# [WORK REQUIRED]
Leave the images behind and copy every record exactly.

# [SOURCE MATERIAL]
Start of Block
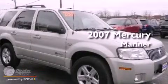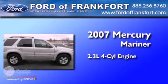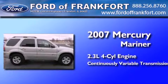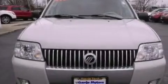This is a 2007 Mercury Mariner. It has a 2.3-liter four-cylinder engine and a continuous variable transmission. Features include a low-tire pressure indicator, a power driver's seat, and cruise control.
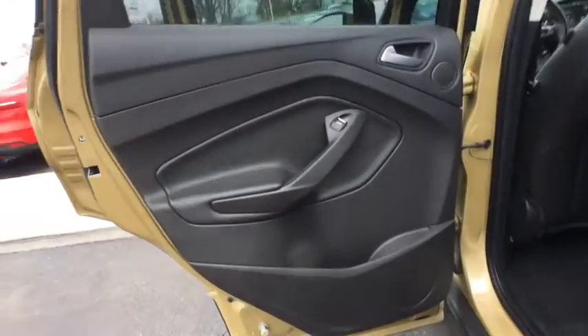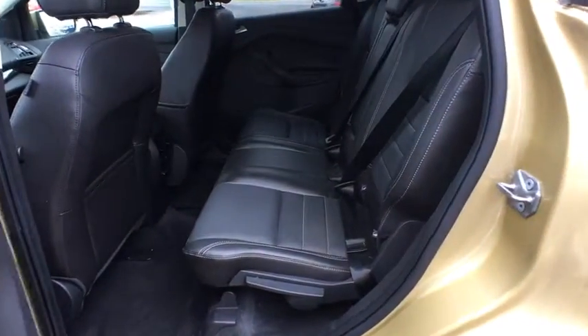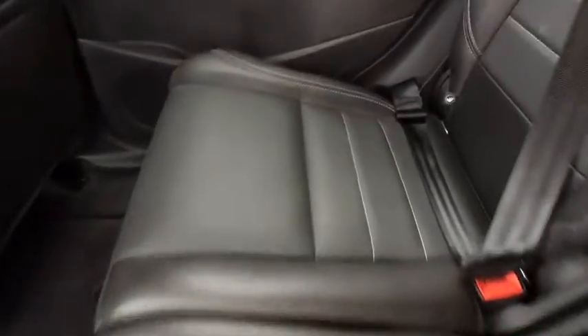Bluetooth, adjustable steering wheel, power steering, keyless start, aluminum wheels, auto-dimming rear-view mirror, four-wheel disc brakes, cruise control, floor mats, premium sound system.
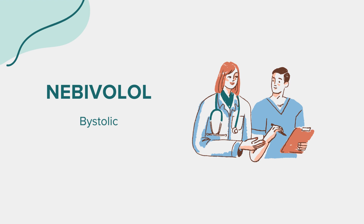Avoid. While taking Nebivolol, it's advisable to avoid activities that require alertness until you know how the medication affects you, due to the risk of dizziness. Alcohol should also be limited, as it can enhance the blood pressure-lowering effect and increase the risk of side effects.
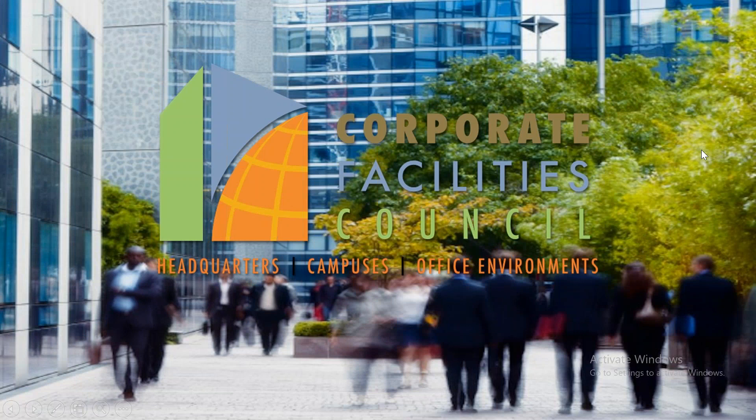Hello, and welcome to the Corporate Facility Council's August webinar, The Stellar RFP Process: Building, Issuing, and Responding to RFPs, presented by Larry Morgan and Wayne Woodsell.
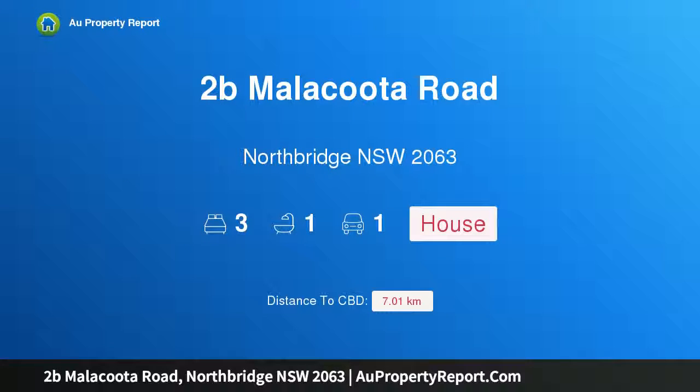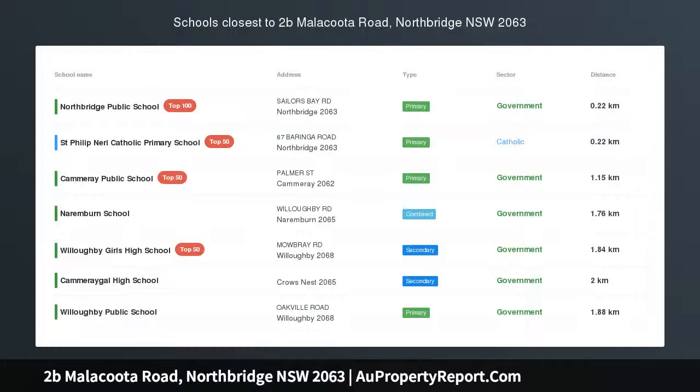Hi, I am glad to introduce Property 2B Mallacoota Road, Northridge, New South Wales 2063.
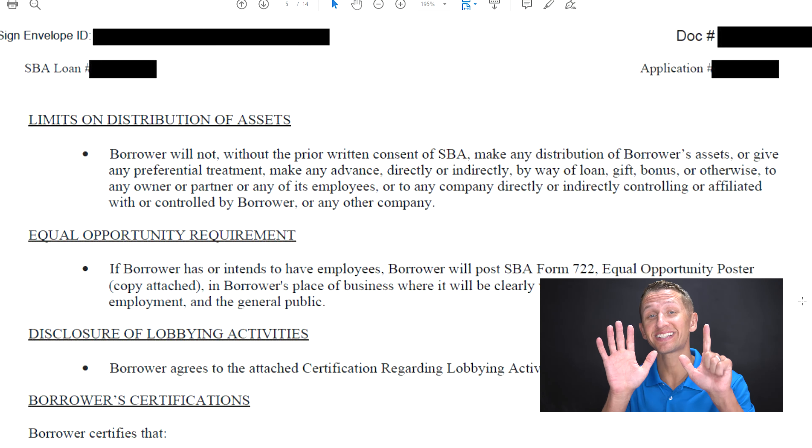Point number seven has to deal with the limits on distribution of assets. This section is on page five and says: 'The borrower will not, without prior written consent of SBA, make any distributions of borrower's assets.' Now this also depends on the loan size and your business entity type — whether it's a sole proprietor, LLC, or S-corporation. With S-corporations, if your loan is under $25,000, the distribution doesn't apply because the loan is not collateralized. But if it's above $25,000, then it is collateralized, and you need written consent from the SBA to do a distribution.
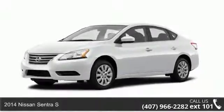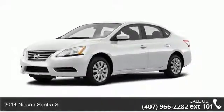Check out this 2014 Nissan Sentra S. This may be the set of wheels you've been looking for.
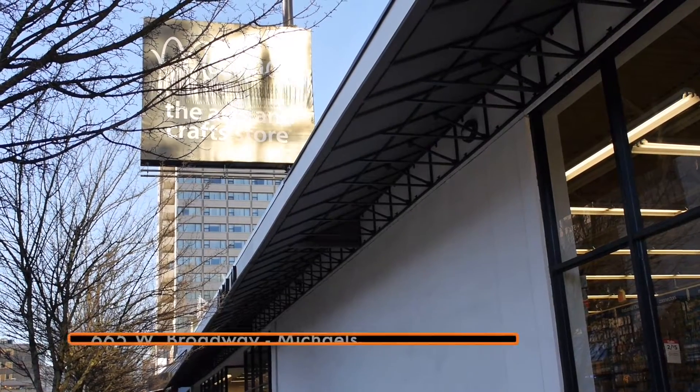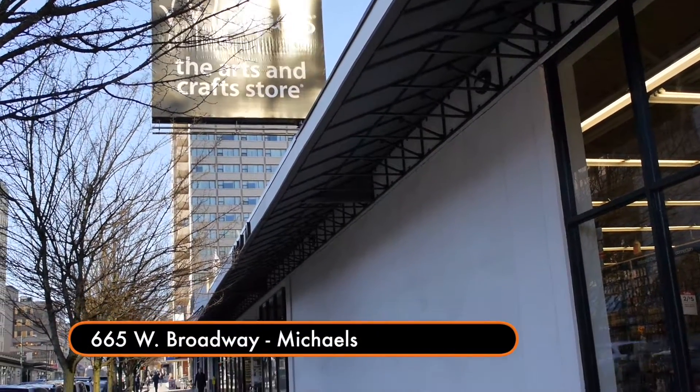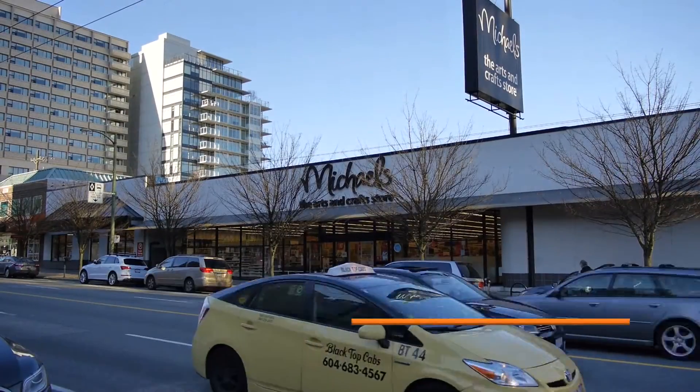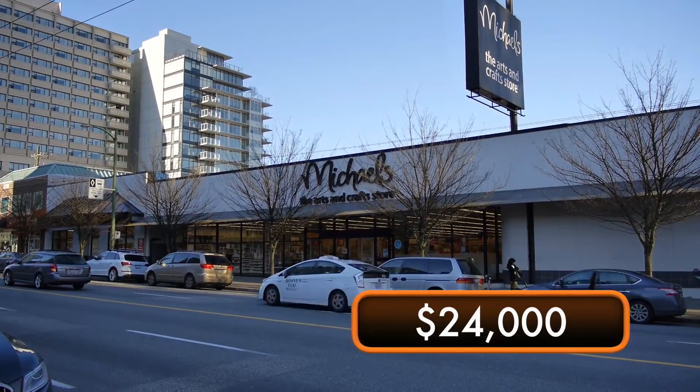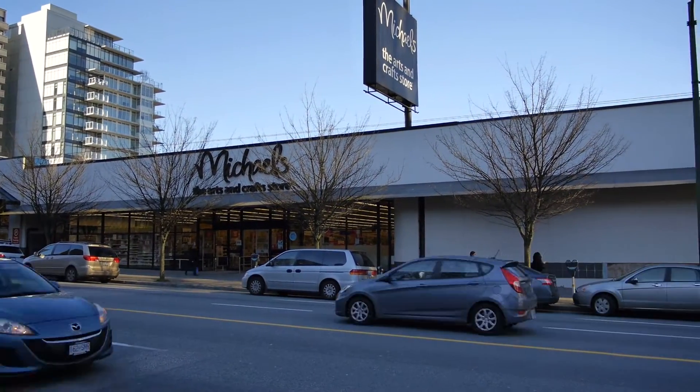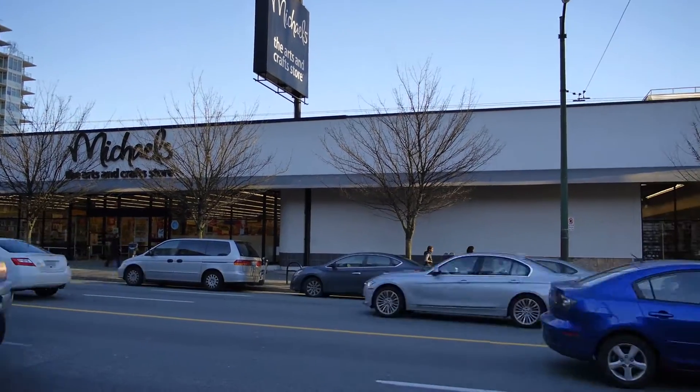Hi, we're at Michael's at 665 West Broadway. It's the old London Drug site — Michael's moved in. Our quote was about $24,000, which included the fabrication and installation of an awning which I believe is 150 feet. We're going to have the final measurement in a moment.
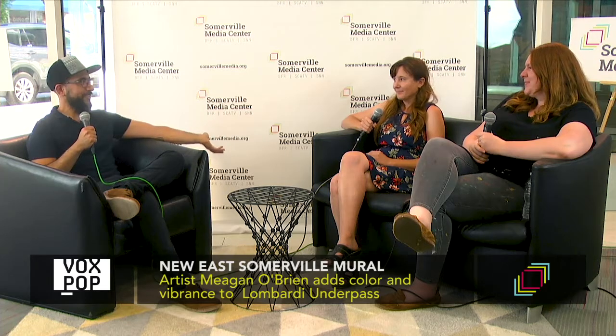Hello, I am joined in the studio today in lovely Vox Pop here at Assembly Row with Jen Atwood, who is the director of East Somerville Main Streets, and Megan O'Brien, an illustrator and artist. Welcome to you both. Thank you. Thanks for having us.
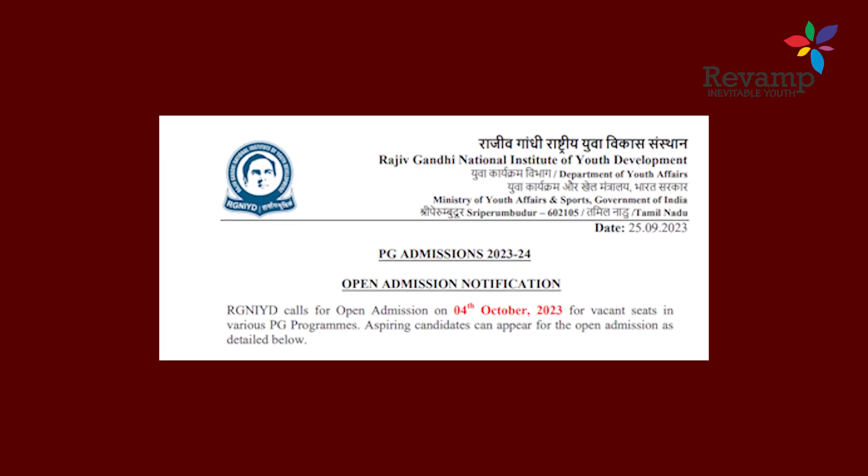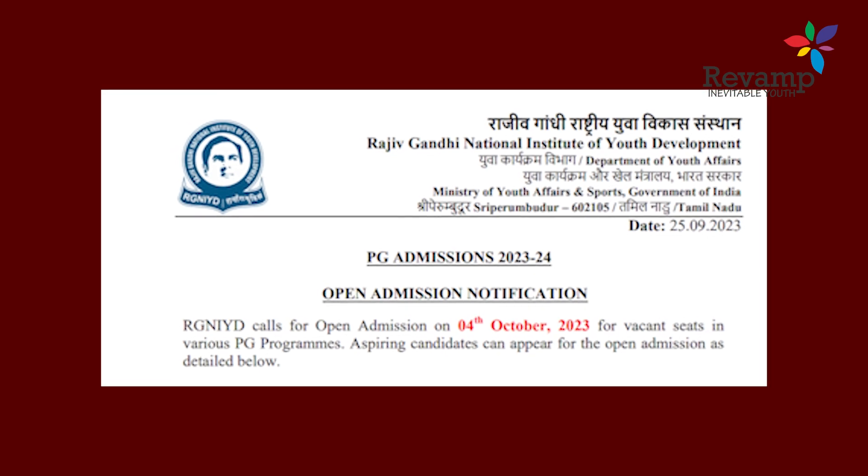Coming to the Rajiv Gandhi National Institute of Youth Development, the spot round admission is on October 4th. Those who haven't appeared for CUET but would like to pursue a master's in a central university can try this. The institute has two campuses — the main campus in Sri Perambadur in the industrial area, and a regional center in Chandigarh. The Sri Perambadur campus has eight departments: Applied Psychology, Computer Science, Artificial Intelligence and Machine Learning, Computer Science Cyber Security, Computer Science Data Science, English, Mathematics, Social Work, and Sociology.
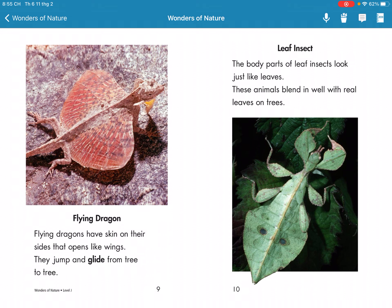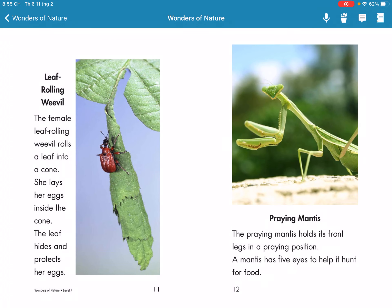Leaf Insects. Leaf rolling weavers. The female leaf rolling weaver rolls a leaf into a cone. She lays her egg inside the cone. The leaf hides and protects her egg.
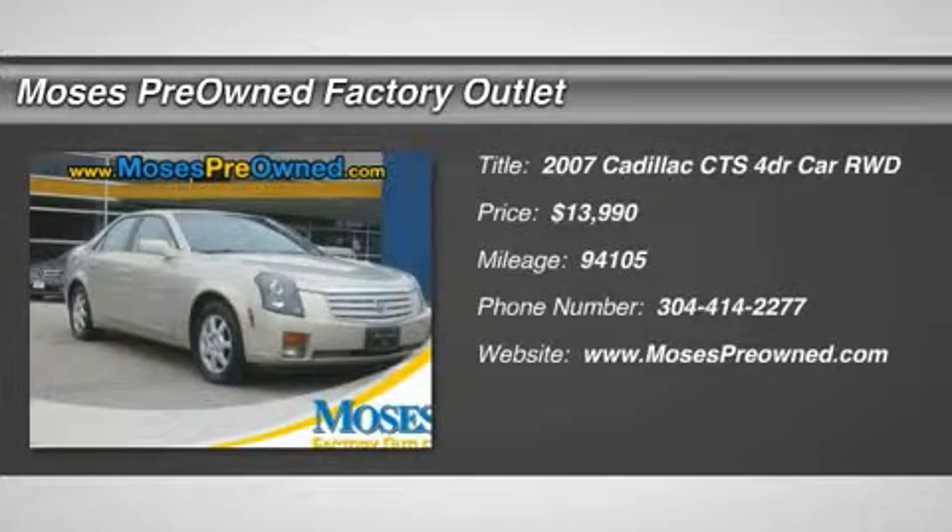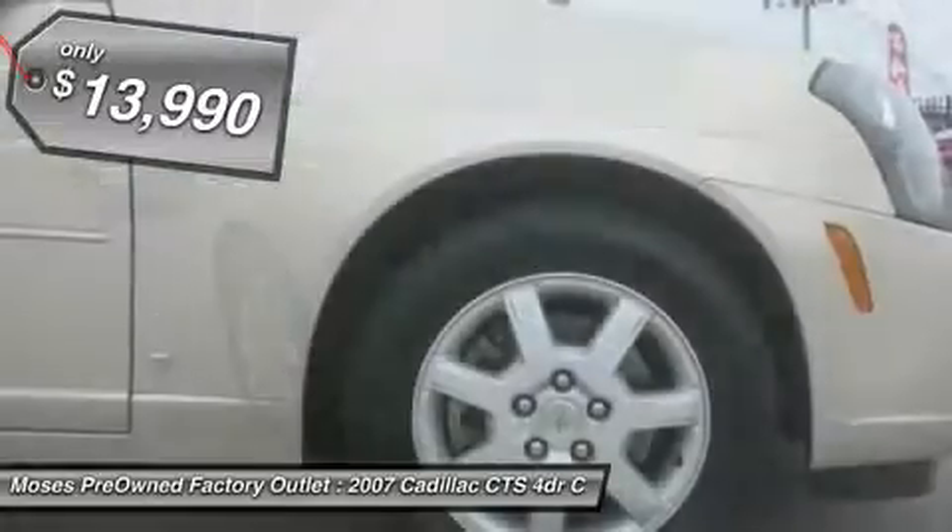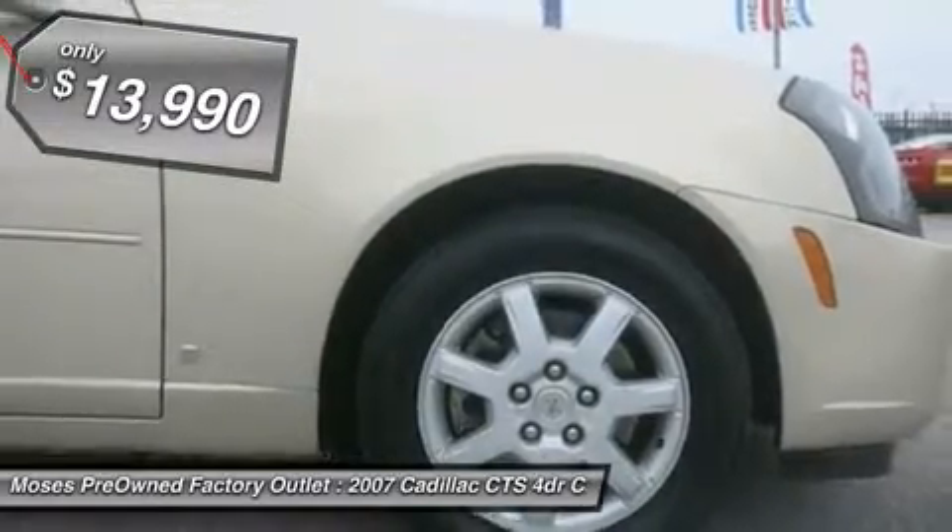You'll love this 2007 Cadillac Quartz. This is a car you'll want to take home. With 94,105 miles, it features automatic transmission and an exterior color of radiant bronze.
End of Block
# [TASK ANSWER]
This is a 2007 Mercury Mariner. It has a 2.3-liter four-cylinder engine and a continuous variable transmission. Features include a low-tire pressure indicator, a power driver's seat, and cruise control.
Bluetooth, adjustable steering wheel, power steering, keyless start, aluminum wheels, auto-dimming rear-view mirror, four-wheel disc brakes, cruise control, floor mats, premium sound system.
Avoid. While taking Nebivolol, it's advisable to avoid activities that require alertness until you know how the medication affects you, due to the risk of dizziness. Alcohol should also be limited, as it can enhance the blood pressure-lowering effect and increase the risk of side effects.
Hello, and welcome to the Corporate Facility Council's August webinar, The Stellar RFP Process: Building, Issuing, and Responding to RFPs, presented by Larry Morgan and Wayne Woodsell.
Hi, I am glad to introduce Property 2B Mallacoota Road, Northridge, New South Wales 2063.
Point number seven has to deal with the limits on distribution of assets. This section is on page five and says: 'The borrower will not, without prior written consent of SBA, make any distributions of borrower's assets.' Now this also depends on the loan size and your business entity type — whether it's a sole proprietor, LLC, or S-corporation. With S-corporations, if your loan is under $25,000, the distribution doesn't apply because the loan is not collateralized. But if it's above $25,000, then it is collateralized, and you need written consent from the SBA to do a distribution.
Check out this 2014 Nissan Sentra S. This may be the set of wheels you've been looking for.
Hi, we're at Michael's at 665 West Broadway. It's the old London Drug site — Michael's moved in. Our quote was about $24,000, which included the fabrication and installation of an awning which I believe is 150 feet. We're going to have the final measurement in a moment.
Hello, I am joined in the studio today in lovely Vox Pop here at Assembly Row with Jen Atwood, who is the director of East Somerville Main Streets, and Megan O'Brien, an illustrator and artist. Welcome to you both. Thank you. Thanks for having us.
Coming to the Rajiv Gandhi National Institute of Youth Development, the spot round admission is on October 4th. Those who haven't appeared for CUET but would like to pursue a master's in a central university can try this. The institute has two campuses — the main campus in Sri Perambadur in the industrial area, and a regional center in Chandigarh. The Sri Perambadur campus has eight departments: Applied Psychology, Computer Science, Artificial Intelligence and Machine Learning, Computer Science Cyber Security, Computer Science Data Science, English, Mathematics, Social Work, and Sociology.
Leaf Insects. Leaf rolling weavers. The female leaf rolling weaver rolls a leaf into a cone. She lays her egg inside the cone. The leaf hides and protects her egg.
You'll love this 2007 Cadillac Quartz. This is a car you'll want to take home. With 94,105 miles, it features automatic transmission and an exterior color of radiant bronze.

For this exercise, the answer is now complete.